Ms. Savage confirmed earlier this week that she will consider scrapping that price cap in the fall.

A deregulated market in which power generators sell their electricity into a market and are paid the going rate is known as an “energy only” system. Producers have no guarantee they will get anything for their power, but rates can skyrocket during shortages. The system is popular in Europe. Texas is the only other jurisdiction in North America to use it.

The system the NDP had planned is known as a capacity market. The Alberta Electric System Operator, a provincial authority, was to plan for future energy demand and auction off licenses to power generators. Those licenses would guarantee that a producer would be paid even if no one wanted the power. The system ensures power is always available, at the risk of sometimes having too much.

Ms. Notley’s government said the move would end power swings in which prices could double overnight. It would also end rock-bottom prices that have lingered since the economy went into recession in 2015 after a collapse in oil prices. Private producers expecting the economic boom to continue had overbuilt and were sometimes forced to sell power at a loss.

“Albertans and investors need stability and they need certainty in their electricity market system, not an experiment. And that’s exactly what the NDP capacity market is in its early years,” Ms. Savage said.

Chief executive officers of power companies welcomed the NDP’s plan in 2016, saying the stability created by a partly regulated market would bring new investment. Nearly three years later, some of the same executives say the amount of investment needed has dropped and they prefer things as they are.

“The reason to go to a capacity market, one of the elements, was the view that we needed a more inviting market for additional investment. … That’s changed,” said Capital Power Corp. president Brian Vaasjo.

The utility has built more new electrical capacity in Alberta than any other producer over the past 15 years. According to Mr. Vaasjo, the amount of new investment needed in the system over the next few decades has fallen by more than half, to $12-billion. The reason is cheap natural gas and plans to convert Alberta’s coal-fired plants to gas.

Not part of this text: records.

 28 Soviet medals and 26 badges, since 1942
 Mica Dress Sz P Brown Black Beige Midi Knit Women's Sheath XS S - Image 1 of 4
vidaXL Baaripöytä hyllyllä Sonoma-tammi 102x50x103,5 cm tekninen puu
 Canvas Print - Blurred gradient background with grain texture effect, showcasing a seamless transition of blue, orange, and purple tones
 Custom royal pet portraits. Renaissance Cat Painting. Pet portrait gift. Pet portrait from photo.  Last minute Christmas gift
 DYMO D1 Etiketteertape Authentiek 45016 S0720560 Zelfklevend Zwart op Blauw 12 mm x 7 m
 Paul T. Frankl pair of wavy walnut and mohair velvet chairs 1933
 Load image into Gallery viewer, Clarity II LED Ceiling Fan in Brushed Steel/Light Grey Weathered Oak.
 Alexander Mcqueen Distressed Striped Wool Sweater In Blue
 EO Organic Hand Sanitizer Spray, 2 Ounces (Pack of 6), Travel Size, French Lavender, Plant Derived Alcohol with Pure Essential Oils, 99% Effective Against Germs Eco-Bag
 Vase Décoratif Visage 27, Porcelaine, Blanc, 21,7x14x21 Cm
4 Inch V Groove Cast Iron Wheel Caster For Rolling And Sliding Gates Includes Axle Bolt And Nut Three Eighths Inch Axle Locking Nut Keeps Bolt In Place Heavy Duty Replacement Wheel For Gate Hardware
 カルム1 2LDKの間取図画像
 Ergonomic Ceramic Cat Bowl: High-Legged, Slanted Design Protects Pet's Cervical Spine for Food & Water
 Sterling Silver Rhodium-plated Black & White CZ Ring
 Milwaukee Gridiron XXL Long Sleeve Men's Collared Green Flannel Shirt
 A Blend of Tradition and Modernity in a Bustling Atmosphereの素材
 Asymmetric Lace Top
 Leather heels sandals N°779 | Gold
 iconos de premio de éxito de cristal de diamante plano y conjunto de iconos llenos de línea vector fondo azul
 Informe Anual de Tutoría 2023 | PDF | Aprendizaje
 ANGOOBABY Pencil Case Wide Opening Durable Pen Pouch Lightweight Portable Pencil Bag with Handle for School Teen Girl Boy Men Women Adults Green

“If you continue down the path of a capacity market, we don’t see it as investable for a couple of years and a high probably for us at Capital Power [is that] it may never be investable because of the tremendous amount of regulatory oversight,” he said.

According to Ms. Savage, the Kenney government’s plan to reduce new construction of renewable power has also cut the need for such investment.

Plans for the capacity market were also not meeting expectations, said Vittoria Bellissimo, the executive director of the Industrial Power Consumers Association of Alberta.

“The way this market was being designed was just untenable for a number of participants,” she said.

Among the concerns was the fact that producers had expected regulation to be minimal, but a number of provincial agencies increased their staffing levels to look at and question applications for licenses. She said that would increase the complexity and price of the system.

She also said a focus on having excess energy to ensure a steady supply would drive up bills.